Questo è uno dei molti ricordi che mi accompagnano da tanti anni, sicuramente uno dei migliori.
Ero piccolo e mio padre aveva affittato un ristorante: ai miei occhi di bambino ero tutto estremamente grande, con tante, troppe cose da gestire; ma doveva essere veramente parecchio grande perché assumeva circa 30 persone tra camerieri, baristi, sguatteri, bagnini, ecc.
Il posto era conosciuto, ma si potrebbe dire anche allo stesso tempo isolato: non c'era telefono, non c'era televisione, non c'era gas, non c'era elettricità (solo quella fornita dal generatore locale, il "motore", che tutte le mattine alle 7 mio padre accendeva e a sera alle 11-mezzanotte spegneva, restando per tutta la notte con una fattispecie di batterie che davano una luce così debole che non attirava nemmeno le farfalle notturne e le zanzare).
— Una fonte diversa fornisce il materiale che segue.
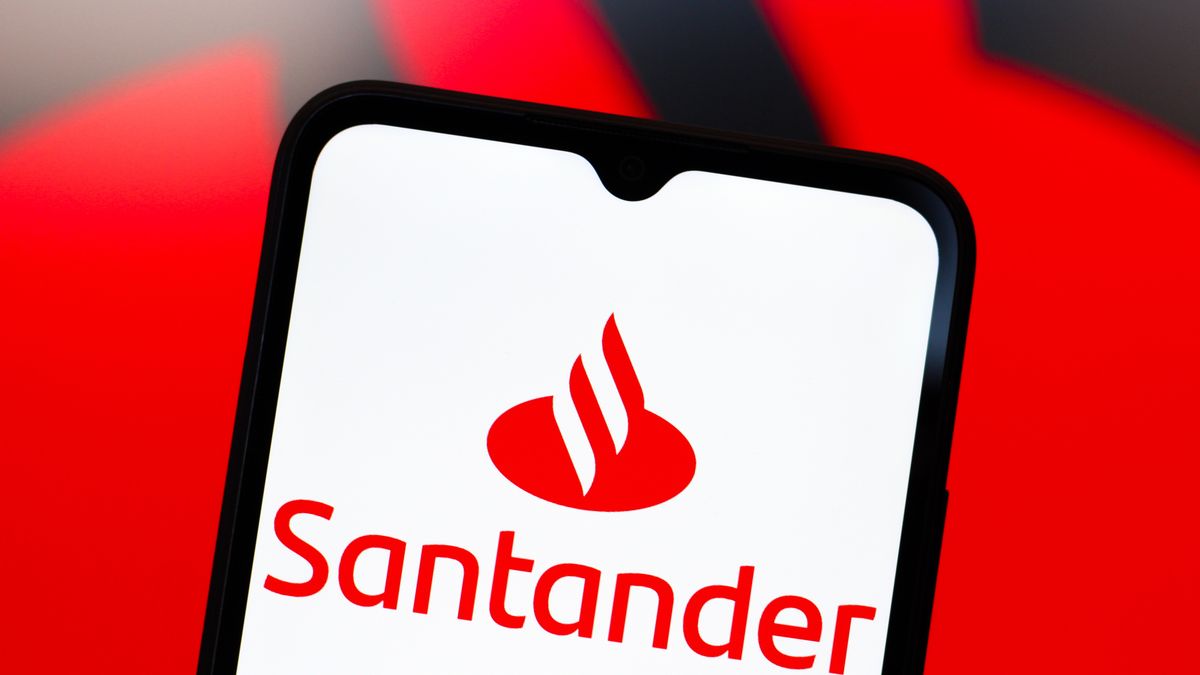 CANADA - 2025/02/05: In this photo illustration, the Santander logo is seen displayed on a smartphone screen. (Photo Illustration by Thomas Fuller/SOPA Images/LightRocket via Getty Images)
Un posto così si ritrova ormai solo in una landa sperduta del pianeta e nessuno vorrebbe starci.
Il treno, quello sì, quello c'era: la linea nazionale stava là vicino e la notte dalla camera da letto quando passava era uno spettacolo, e la sensazione che c'era dell'altro là fuori.
E le notti .... quante stelle in cielo!!!!
Ovunque si girasse si girasse la testa erano mucchi di stelle, forse anche troppe stelle!!!!
E con una luna enorme che bastava allungare la mano per prenderla.
Anche i discorsi di quel tempo erano diversi da quelli di ora: si arrivava subito al sodo senza tanti giri di parole, e poi si rideva tanto.
Ma in quei giorni io sentivo parlare solo di una cosa: era il solo argomento, anzi era l'ARGOMENTO su cui chiunque aveva qualcosa da dire con soddisfazione ed ammirazione, e con tanta speranza.
E nella mia mente di bambino l'ARGOMENTO era il solo degno di attenzione (a parte giocare e far danni).
In quei giorni mi trovano in questo posto ma da una parte ero triste perché non potevo seguire in televisione quello che stava succedendo ma di cui conoscevo tutto; e quella notte più o meno all'ora che era stata detta, mi ricordo della bella luna in cielo dove un piccolo eroe stava per fare qualcosa, mentre uno dei tanti treni passava di corsa; ma dall'altra ero contento perché sapevo che il giorno dopo sarei tornato a casa dove c'era la televisione.
Non vedevo l'ora di arrivare, ed i treni erano ancora puntuali!
E finalmente il giorno dopo, a casa con mia madre, e davano in TV la registrazione di quello che era accaduto il giorno prima, quello che il piccolo eroe aveva fatto per conto di tutti noi, grandi e piccoli, ed anche per chi ancora doveva nascere.
La settimana passata il piccolo grande eroe della mia fanciullezza è morto, così, senza grandi clamori da stadio: una cosa detta e rilanciata dalla ormai onnipresente TV digitale, da squallidi mentecatti che si autodefiniscono giornalisti ma che chiamare strilloni sarebbe già un grosso complimento, detto tanto per riempire il tempo del notiziario, e che preferiscono perdere tempo a mettere in fila notizie riguardanti il calcio o la sicura certezza della bastonata dietro l'angolo, inventandosi le cose a loro convenienza (oppure sull'ordine dato dalle stanze in alto).
Il destino dei piccoli eroi è questo.
Ciao Neil, e da lassù dove sei stato prima di tutti noi, ogni tanto mandaci un saluto benevolo.